# Records to process
"""

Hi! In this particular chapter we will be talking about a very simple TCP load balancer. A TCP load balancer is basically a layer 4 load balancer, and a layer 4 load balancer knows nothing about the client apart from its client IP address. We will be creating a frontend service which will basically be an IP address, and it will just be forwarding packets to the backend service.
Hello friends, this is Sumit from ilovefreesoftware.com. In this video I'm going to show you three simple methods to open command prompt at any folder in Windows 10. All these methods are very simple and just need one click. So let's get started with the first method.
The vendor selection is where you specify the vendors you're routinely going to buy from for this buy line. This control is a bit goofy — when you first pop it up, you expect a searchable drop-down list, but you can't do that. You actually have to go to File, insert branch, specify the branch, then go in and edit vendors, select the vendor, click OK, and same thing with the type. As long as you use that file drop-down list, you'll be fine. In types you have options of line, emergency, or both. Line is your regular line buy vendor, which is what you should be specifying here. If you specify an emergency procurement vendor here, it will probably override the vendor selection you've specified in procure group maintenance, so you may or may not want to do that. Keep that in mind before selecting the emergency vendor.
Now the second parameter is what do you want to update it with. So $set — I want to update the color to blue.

"""
"""

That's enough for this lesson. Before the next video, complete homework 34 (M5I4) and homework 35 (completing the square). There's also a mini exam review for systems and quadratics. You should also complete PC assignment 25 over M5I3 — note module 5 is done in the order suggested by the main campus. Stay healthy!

"""

Transcribe the records above from the line holding "Hi! In this" down to the line holding "Now the second", inclusive, without adding anything.

Hi! In this particular chapter we will be talking about a very simple TCP load balancer. A TCP load balancer is basically a layer 4 load balancer, and a layer 4 load balancer knows nothing about the client apart from its client IP address. We will be creating a frontend service which will basically be an IP address, and it will just be forwarding packets to the backend service.
Hello friends, this is Sumit from ilovefreesoftware.com. In this video I'm going to show you three simple methods to open command prompt at any folder in Windows 10. All these methods are very simple and just need one click. So let's get started with the first method.
The vendor selection is where you specify the vendors you're routinely going to buy from for this buy line. This control is a bit goofy — when you first pop it up, you expect a searchable drop-down list, but you can't do that. You actually have to go to File, insert branch, specify the branch, then go in and edit vendors, select the vendor, click OK, and same thing with the type. As long as you use that file drop-down list, you'll be fine. In types you have options of line, emergency, or both. Line is your regular line buy vendor, which is what you should be specifying here. If you specify an emergency procurement vendor here, it will probably override the vendor selection you've specified in procure group maintenance, so you may or may not want to do that. Keep that in mind before selecting the emergency vendor.
Now the second parameter is what do you want to update it with. So $set — I want to update the color to blue.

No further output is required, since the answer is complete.